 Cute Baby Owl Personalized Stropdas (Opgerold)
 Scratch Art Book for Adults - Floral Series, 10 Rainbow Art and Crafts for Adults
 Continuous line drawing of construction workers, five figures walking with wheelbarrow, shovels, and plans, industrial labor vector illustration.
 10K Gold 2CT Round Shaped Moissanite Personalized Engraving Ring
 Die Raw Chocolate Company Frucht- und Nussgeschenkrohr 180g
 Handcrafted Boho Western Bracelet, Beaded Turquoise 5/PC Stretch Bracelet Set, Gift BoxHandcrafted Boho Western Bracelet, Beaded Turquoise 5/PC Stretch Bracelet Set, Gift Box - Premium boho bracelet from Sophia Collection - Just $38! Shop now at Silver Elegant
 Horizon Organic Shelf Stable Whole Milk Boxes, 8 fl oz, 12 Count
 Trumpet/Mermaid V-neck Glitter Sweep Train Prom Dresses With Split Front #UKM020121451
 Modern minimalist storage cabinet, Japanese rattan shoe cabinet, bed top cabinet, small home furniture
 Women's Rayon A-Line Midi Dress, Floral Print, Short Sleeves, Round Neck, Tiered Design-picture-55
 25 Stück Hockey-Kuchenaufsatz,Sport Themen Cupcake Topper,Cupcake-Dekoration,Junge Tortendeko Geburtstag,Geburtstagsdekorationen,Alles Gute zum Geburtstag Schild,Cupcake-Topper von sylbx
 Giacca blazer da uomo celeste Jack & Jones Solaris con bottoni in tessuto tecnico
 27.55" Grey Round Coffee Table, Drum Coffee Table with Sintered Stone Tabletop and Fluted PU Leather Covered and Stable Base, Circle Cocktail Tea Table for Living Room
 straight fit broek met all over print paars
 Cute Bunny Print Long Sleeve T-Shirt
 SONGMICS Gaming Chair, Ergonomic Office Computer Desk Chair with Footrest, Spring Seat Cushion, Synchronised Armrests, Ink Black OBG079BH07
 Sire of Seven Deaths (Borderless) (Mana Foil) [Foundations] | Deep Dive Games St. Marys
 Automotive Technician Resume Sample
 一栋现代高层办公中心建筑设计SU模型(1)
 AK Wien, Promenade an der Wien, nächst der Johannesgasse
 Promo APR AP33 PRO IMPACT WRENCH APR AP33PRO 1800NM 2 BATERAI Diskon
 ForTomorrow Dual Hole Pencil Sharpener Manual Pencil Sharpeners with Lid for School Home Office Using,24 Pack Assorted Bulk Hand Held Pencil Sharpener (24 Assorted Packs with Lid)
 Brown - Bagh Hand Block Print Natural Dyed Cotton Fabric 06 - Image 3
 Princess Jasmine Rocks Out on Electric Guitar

Task directions:
Using the listing, copy every line where the word "Office" shows up.

Answer section:
 SONGMICS Gaming Chair, Ergonomic Office Computer Desk Chair with Footrest, Spring Seat Cushion, Synchronised Armrests, Ink Black OBG079BH07
 ForTomorrow Dual Hole Pencil Sharpener Manual Pencil Sharpeners with Lid for School Home Office Using,24 Pack Assorted Bulk Hand Held Pencil Sharpener (24 Assorted Packs with Lid)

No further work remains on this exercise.